Adesso e’ giunta l’ora. Muoviamoci verso il presente.
A febbraio 2015 viene rilasciato ufficialmente “The Harmonic Passage”, il passaggio armonico: album d’esordio della band ligure, ma anche dichiarazione d’intenti. I Winterage suonano power sinfonico completandosi con una vera propria orchestra perchè il futuro non è mai stato così continguo al passato e i fantasmi dei grandi compositori classici (Felix Mendelssohn, Antonin Dvorak, Giuseppe Verdi e Pyotr IIlyich Tchaikovsky) vengono evocati e citati spesso nelle loro composizioni.
La copertina riprende un archetipo del power metal a narrazione fantasy: il passaggio verso un altro mondo che qui ricorsivamente rimanda alla musica classica come chiave di volta armonica per aprire un varco verso altri mondi. Il direttore d’orchestra al centro e il fantastico a portata di bacchetta.

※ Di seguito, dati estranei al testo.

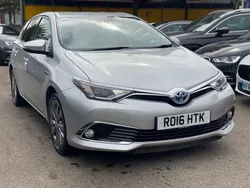 Silver Used 2016 Toyota Auris Hybrid Hatchback | £8,999 (Fair price)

La prima traccia è una strumentale intitolata “Overture in Do Minore”  che si muove su note orchestrali con chiusura in crescendo sostenuta da cori in un mood epico e altisonante. L’orchestra ligure diviene metal nella seconda traccia “The Harmonic Passage”, che sfreccia via condotta da una chitarra distorta e da un acuto di Barbarossa, quindi il violino di Boschi danza su una batteria dai tempi veloci. La voce riappare a tessere linee melodiche pericolosamente vicine a quelle dei primi Rhapsody (quelli senza “Of Fire”) il cui tributo diventa deja-vu. Diversamente la musica invece disegna virtuosismi, le linee vocali e le melodie che dovrebbero elevarsi a inno nel ritornello non colpiscono e nemmeno il finale in lingua italiana mi convince del tutto. 
La terza traccia “The Flame Shall Not Fade” apre epica, trionfante, per poi accellerare verso una voce carica di enfasi che stavolta convince e quel violino maligno ci duetta con grazia. Poi il ritornello e mi pare di nuovo debole. Ancora una volta la musica crea, inventa però la melodia del ritornello non è a fuoco, quel coro dovrebbe levarsi al cielo, invece nulla.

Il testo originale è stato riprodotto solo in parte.